Vasanth shows what the true essence of travelling for him is … ‘When you plant yourself in an uncertain terrain trying to figure out the way forward.’ The places remain the same. But ‘what changes is the experience that different people go through while travelling to these places.’ And it begins small, say trying to figure out the correct seats for catching the sunrise during the flight!
Travel also means not just planning but being prepared for the unexpected surprises, like finding an abandoned bridge with breath-taking icicles hanging below it. In astonishing quiet, a traveler’s imagination should run wild and in all the din he should be able to ‘forget everything that you were complaining about, craving for or blaming the Almighty for.’ To simply sit, camera forgotten, and breathe in the moment. And then, ‘situations … teach you some valuable virtues’ without meaning to, even if it is Patience while waiting for a road block to be cleared and nothing to do.
Those who love to travel will find through the author’s 80-pages long sojourn, what it means to them to travel, after the leaves from office have been approved and ‘all the fire in the world either diffused or deferred.’ There are thoughts in the book which make you meet truths you always knew but never acknowledged. How the ‘wonders of nature never get boring’, no matter how many times you’ve seen them. Or how ‘where devils go, there lies a great photo.’ You reach a ‘Line of Control’ and you realize it’s invisible, wondering where ‘the perceived difference between the people will end?’ And finally, how the same activity done in different times can generate different emotions, like packing for a trip and then again for coming home at the end of the sojourn.

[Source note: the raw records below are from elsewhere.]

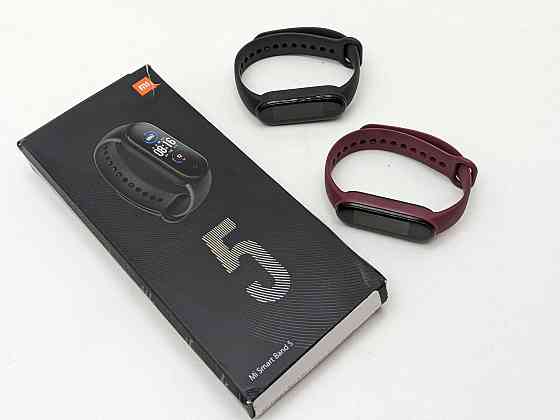 Смарт годинник Mi Smart Band 5 Луцьк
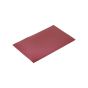 Red Reflective Patch Mbr for Terex MBR71 HD Rollers - T162162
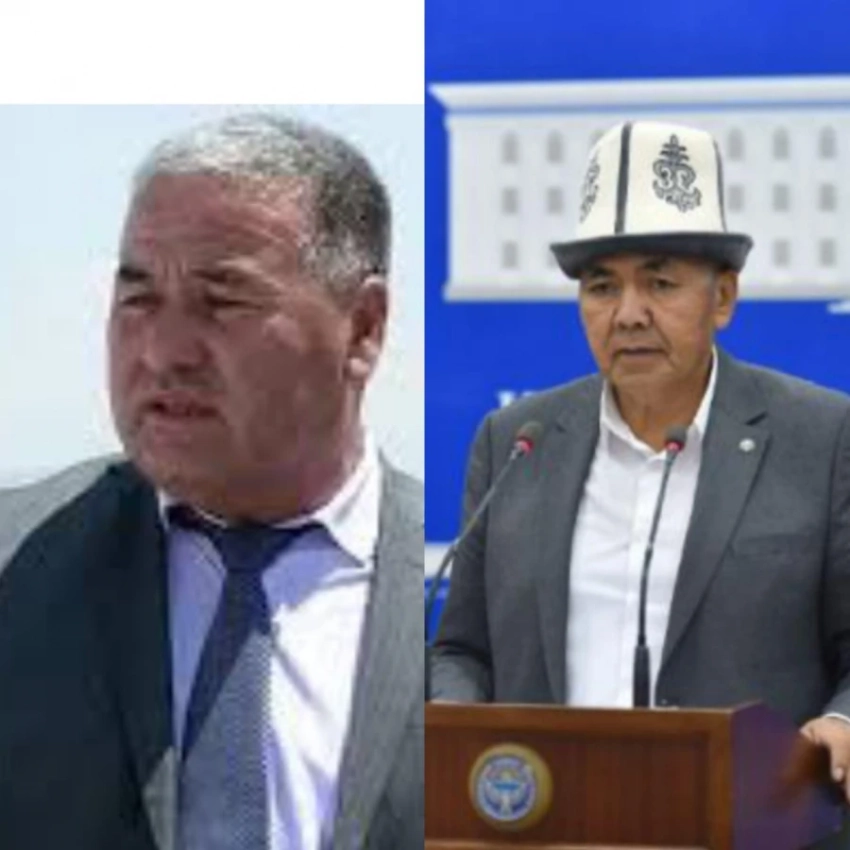 Президент сменил своих полномочных представителей в Чуйской и Баткенской областях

It is at this essential level, where simple truisms reveal themselves, that fellow-travelers will connect with Vasanth the most.
What you may also nod vigorously at is the marriage-humour that this trip comes full of. Except, it seems like the case of a wife who has been made to ‘practice monk-like meditation’ far too many times to seem plausible (says a wife!)
‘When have wives considered their husbands of any worth?’
Vasanth is doing his marital duties towards Sumathy. He is fulfilling the ‘obligation of finishing what would be spared by my better half’ one heavy breakfast to another. He is running a tips-and-tricks commentary for her about a terrain he has measured on his Bullet. And he is also showing the right amount of hero-bravado by stepping into high velocity winds. Best of all, he is leaving Sumathy in the cozy confines of her hotel when she wants to rest her feet, alone.
However, Vasanth is the one doing all the talking, not just about Leh but about his marriage too. And not just talking, by the way, but reading his wife’s frowns, her sighs, her smiles and even interpreting her dreams, his own way! Between the wife and the driver he ends up picking the latter as a safer option for chatting. No surprise then that the only time we do see an otherwise quiet and still (and almost bored cold?) Sumathy leap out of the cab is to kiss a frog-shaped rock and ‘wager her chance for a better prospect.’
Sumathy is a constant presence next to him as the cold is around him. But one is left wishing, after all the good-humour around marriage, that she came through as a flesh-and-blood companion in this ‘Sojourn in Sub-Zero’.
Of course, there are some others who they meet and who become people in the book.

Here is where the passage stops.